> **REQUIRED WORK**:
Without including any pictures, reproduce the full listing exactly.

> **DATA BELOW**:
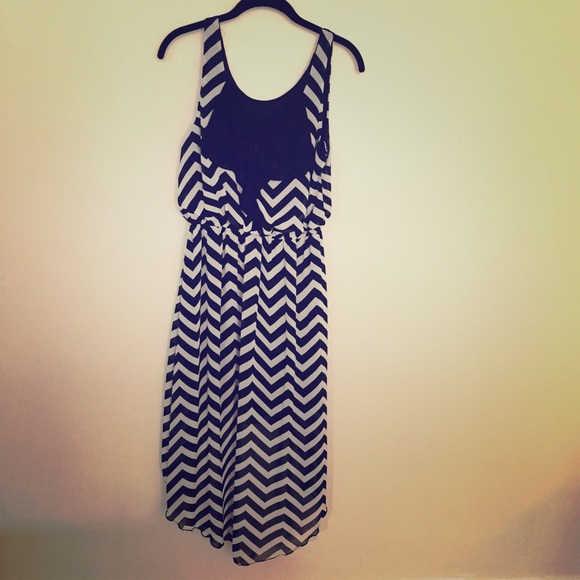 Chevron print maxi dress ~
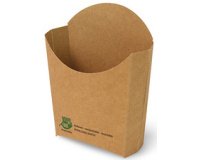 Etui pour frites 'pure', brun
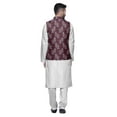 thumbnail image 3 of Atasi Indian Traditional Kurta Churidar Pajama Set With Nehru Jacket For Men, 3 of 3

> **REPLY**:
 Chevron print maxi dress ~
 Etui pour frites 'pure', brun
 thumbnail image 3 of Atasi Indian Traditional Kurta Churidar Pajama Set With Nehru Jacket For Men, 3 of 3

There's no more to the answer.